* _WHAT IS NEEDED_: Only one stretch of the data should be retyped: the lines from the line containing "Coral Gables, Florida" through the line containing "タグ付き　adidas メンズソックス3足1組 26〜28センチ　破れにくい　春・夏向き". Keep pictures out of it.

(EXTRACTED DATA Opens)

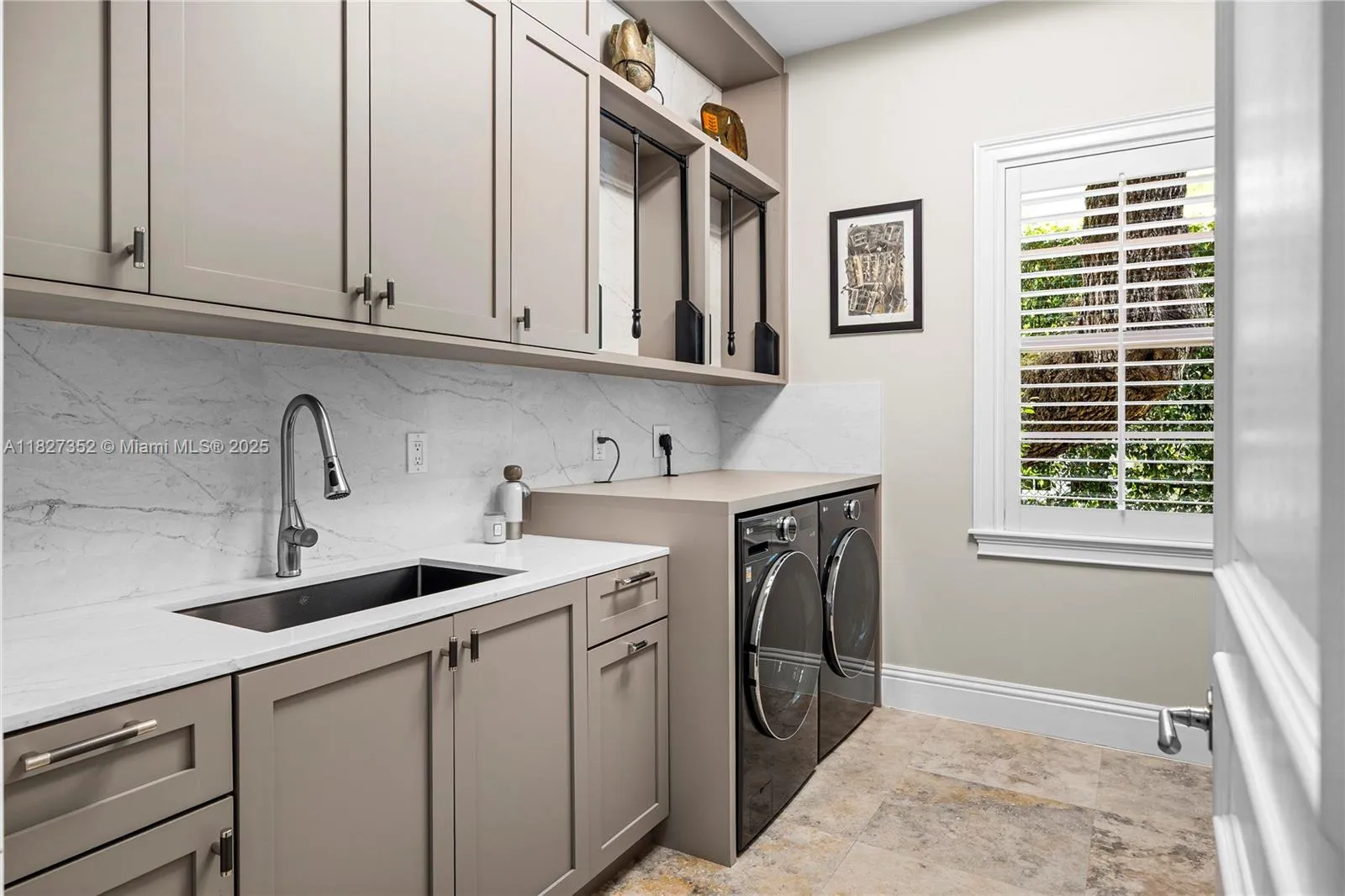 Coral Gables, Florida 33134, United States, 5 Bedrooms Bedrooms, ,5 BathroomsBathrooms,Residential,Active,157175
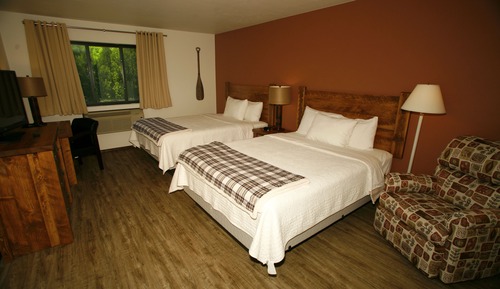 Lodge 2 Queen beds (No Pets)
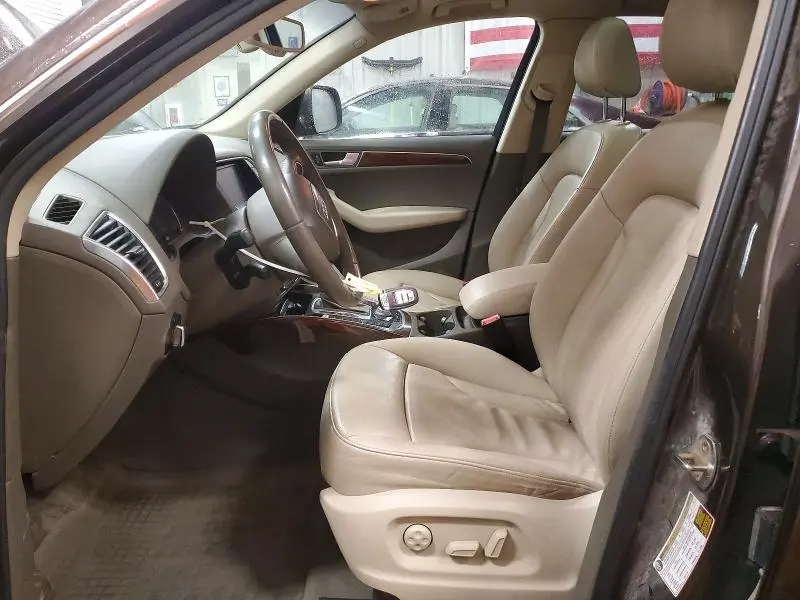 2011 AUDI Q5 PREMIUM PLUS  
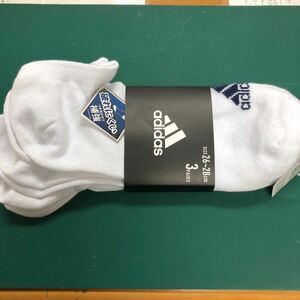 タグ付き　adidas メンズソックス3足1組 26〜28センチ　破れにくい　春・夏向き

(EXTRACTED DATA Closes)
(EXTRACTED DATA Opens)

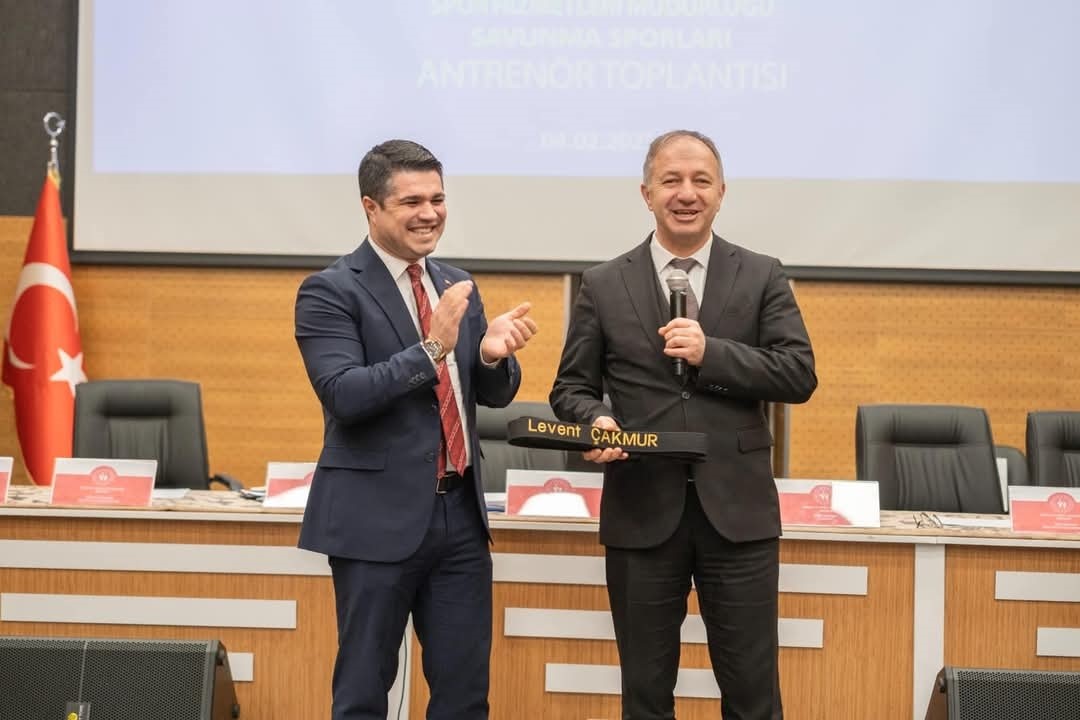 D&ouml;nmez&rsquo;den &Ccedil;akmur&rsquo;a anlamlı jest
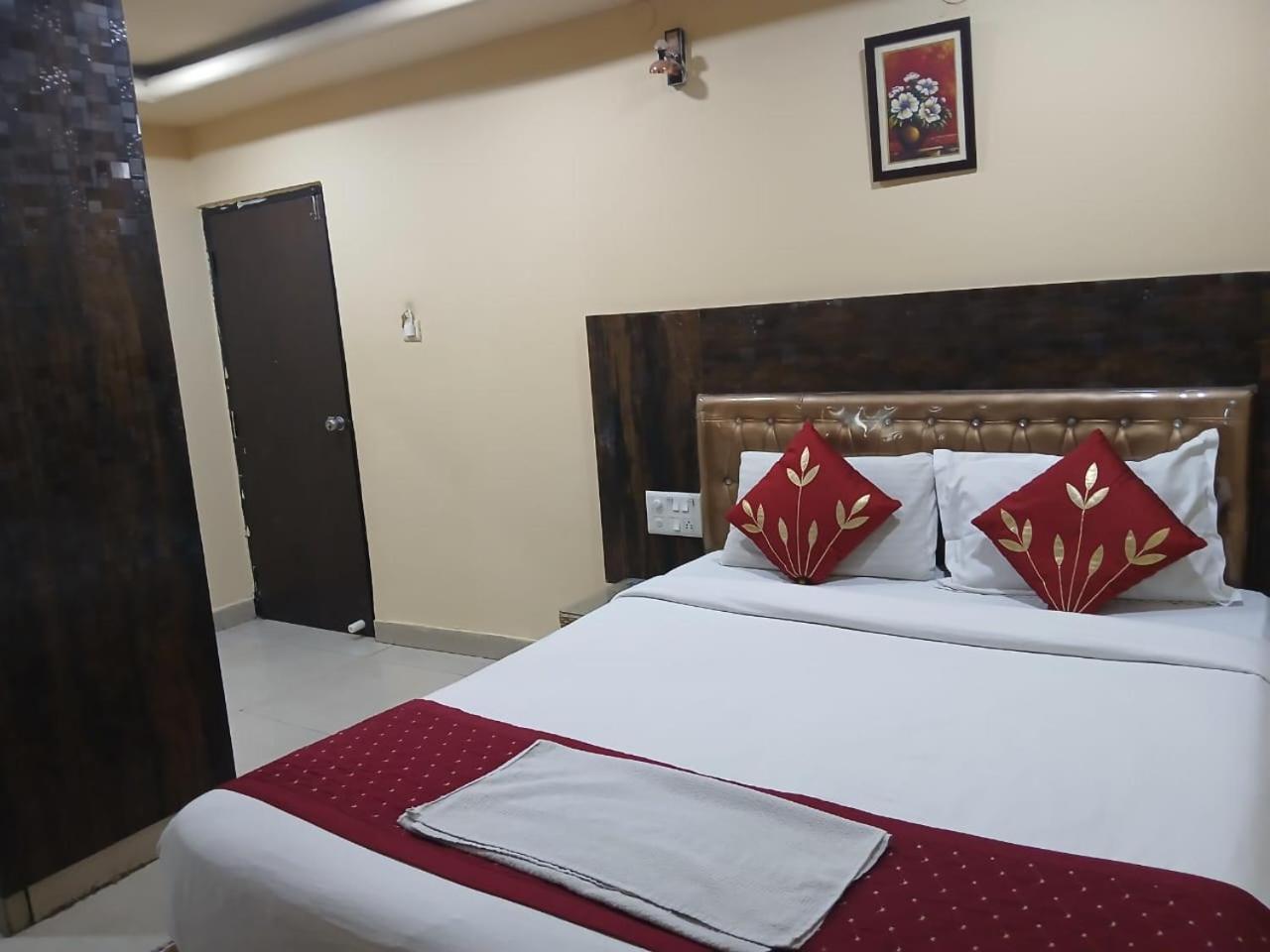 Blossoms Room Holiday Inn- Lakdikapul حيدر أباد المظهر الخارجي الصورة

(EXTRACTED DATA Closes)
(EXTRACTED DATA Opens)

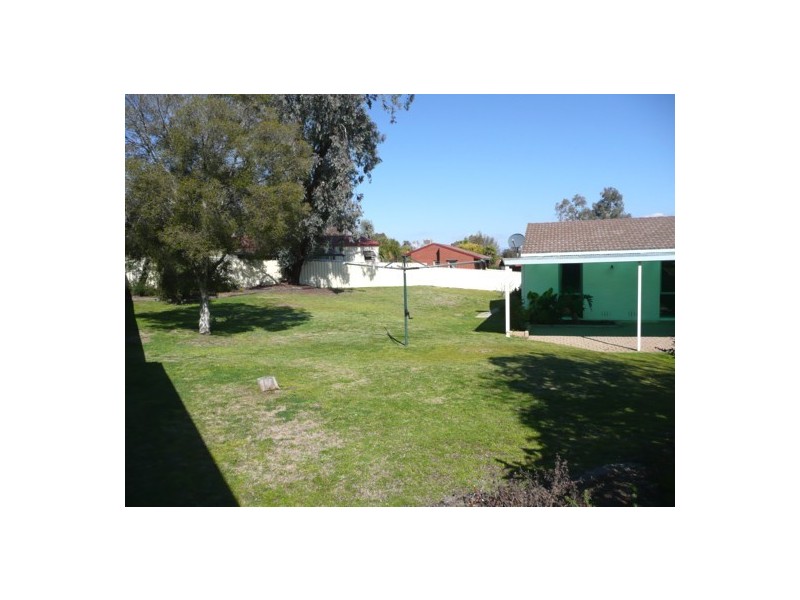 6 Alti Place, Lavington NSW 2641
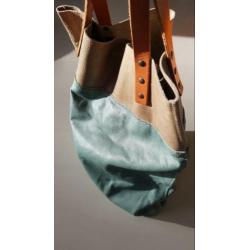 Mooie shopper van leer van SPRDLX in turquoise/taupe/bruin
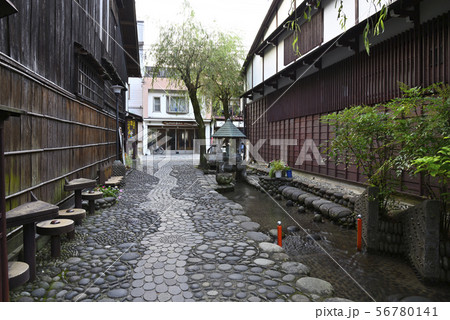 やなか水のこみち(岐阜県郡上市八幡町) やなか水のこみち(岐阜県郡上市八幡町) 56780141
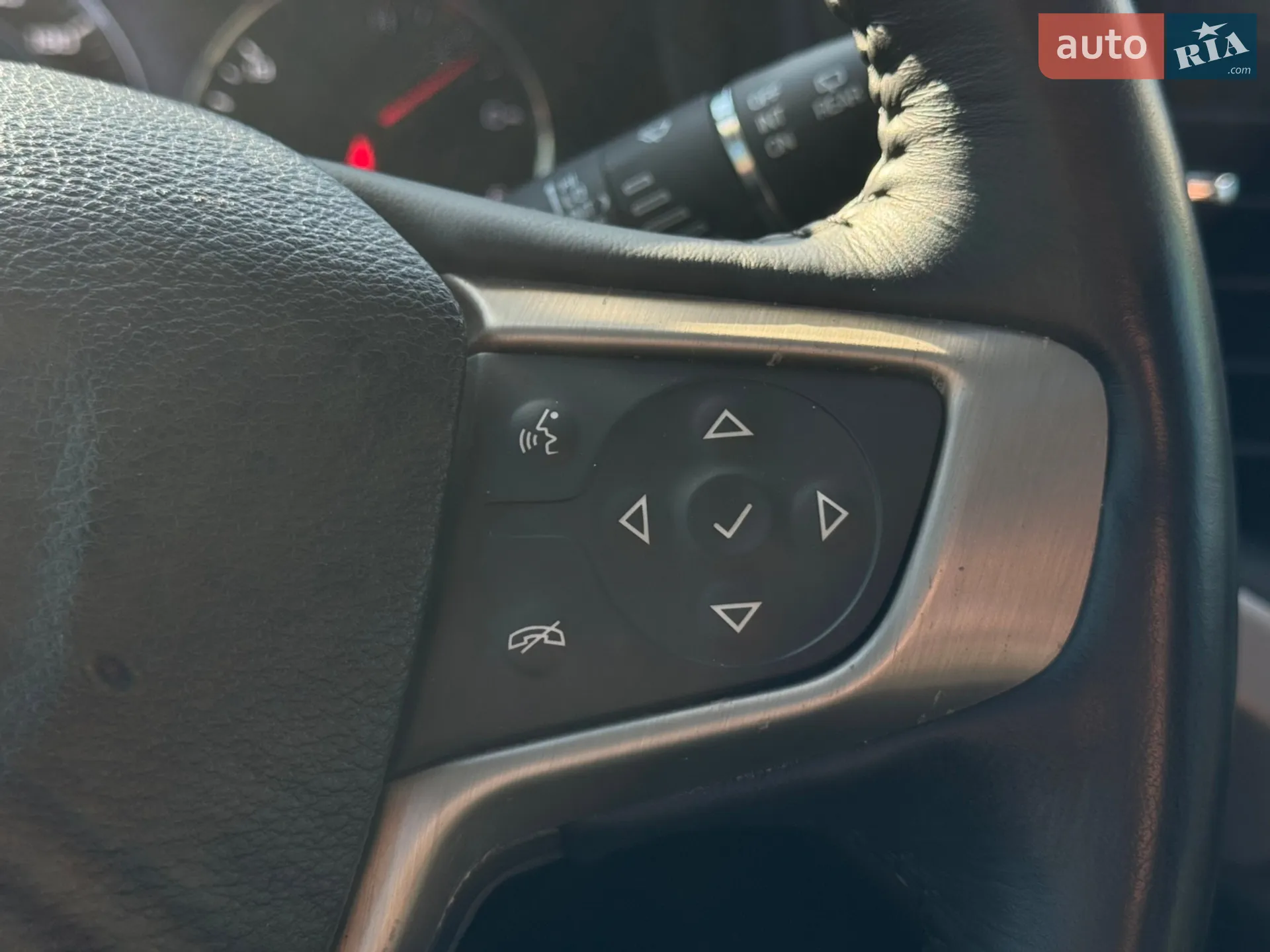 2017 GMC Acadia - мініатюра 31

(EXTRACTED DATA Closes)

* _SOLUTION TO THE PROBLEM_:
 Coral Gables, Florida 33134, United States, 5 Bedrooms Bedrooms, ,5 BathroomsBathrooms,Residential,Active,157175
 Lodge 2 Queen beds (No Pets)
 2011 AUDI Q5 PREMIUM PLUS  
 タグ付き　adidas メンズソックス3足1組 26〜28センチ　破れにくい　春・夏向き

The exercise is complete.